“Excellent,” said Valentin. He jumped up from the chair and approached the barrier, until he was less than a metre away from Jamie. He tilted his head to one side, as if examining the teenager.
“You look like him, you know?” Valentin said. “Your grandfather. You look very much like him.”
“Step back from the barrier,” warned Major Turner.
“I’ve only ever seen a portrait,” said Jamie. He could feel himself sinking into Valentin’s wide grey eyes. “He died before I was born.”
“You could be his double,” said Valentin. The air between them was thick with tension, as though the UV barrier was giving off a field of static electricity.
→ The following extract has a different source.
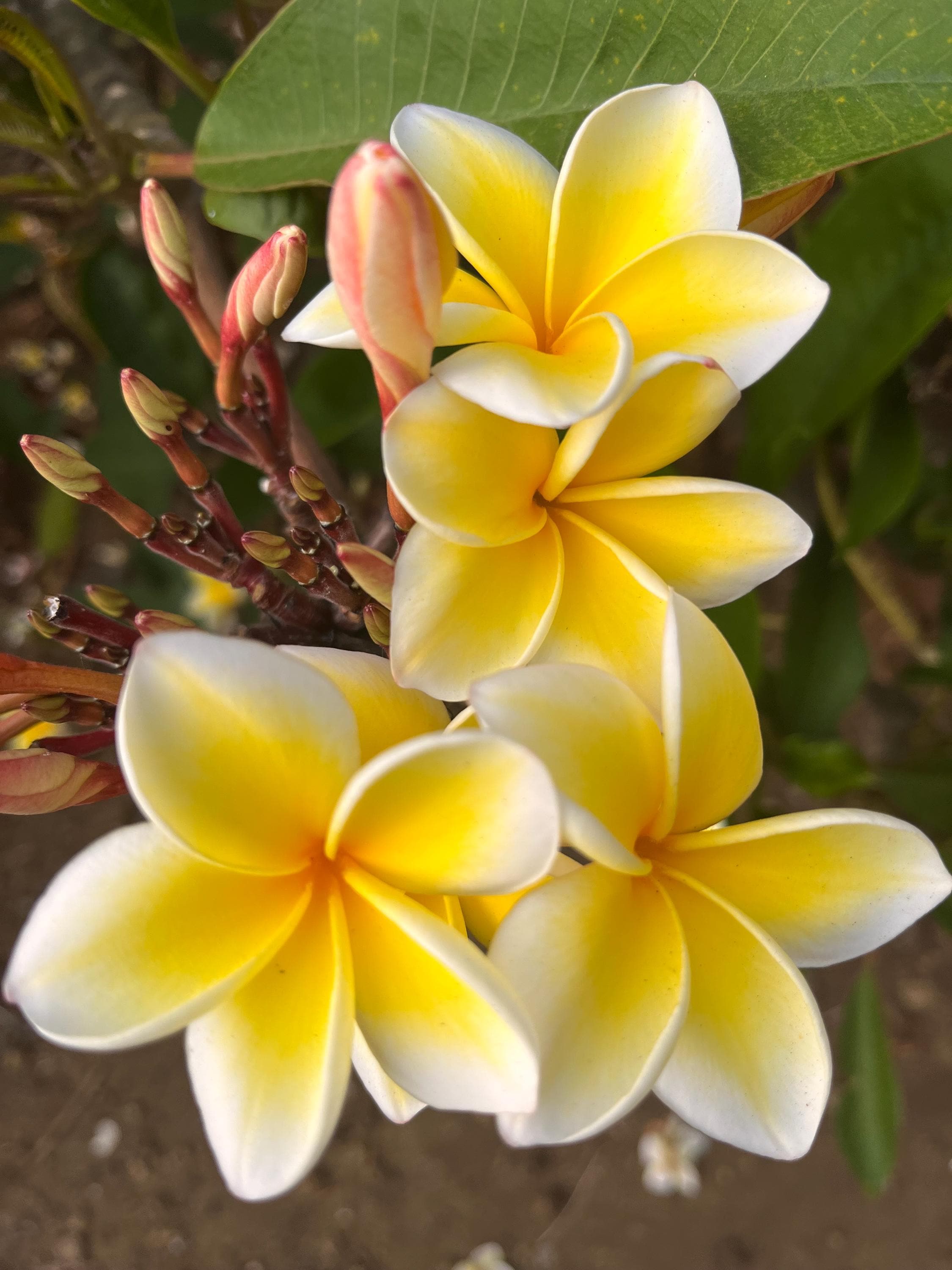 Hawaiian Plumeria Gift Exotic Fragrant Frangipani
“Mr Rusmanov, step back from the barrier,” said Turner, his voice as cold as ice. “I’m not going to ask you again.”
Valentin blinked, and then stepped back, breaking the spell.
“My apologies,” he said, smoothly. “Please, by all means, continue with your questions.”
Almost three hours later the men of the Zero Hour Task Force made their way down the corridor of the detention level.
The interrogation was progressing well; in fact, it was progressing far beyond even their most optimistic projections. So far, Valentin Rusmanov had been true to his word; he had told them everything they wanted to know. He had not restricted his disclosures to Valeri and Dracula either; he had encouraged them to enquire about all aspects of vampire life, and when a question had been posed to which he did not know the answer, he had simply given the briefest of glances to Lamberton, who had immediately supplied it.
The information was flowing at such a rate – everything from known vampire habitats and congregations, to sources of black-market blood, to how much awareness the vampire community had of the supernatural Departments and the tactics they used to evade their attention – that Seward had called the first session of the interview to an end and ordered a resumption the following morning. He intended to spend the rest of the day formulating a structured approach for extracting the enormous amount of valuable intelligence that Valentin Rusmanov was carrying in his head.
As the lift made its way up through the Loop, the Operators
filed out one by one. On Level B, Jamie made for the door; his plan was to gather his thoughts for a few minutes in his quarters, then go and find Larissa. But as he stepped forward, he felt a hand fall across his shoulder, and he turned back. Admiral Seward was looking at him with a strange expression.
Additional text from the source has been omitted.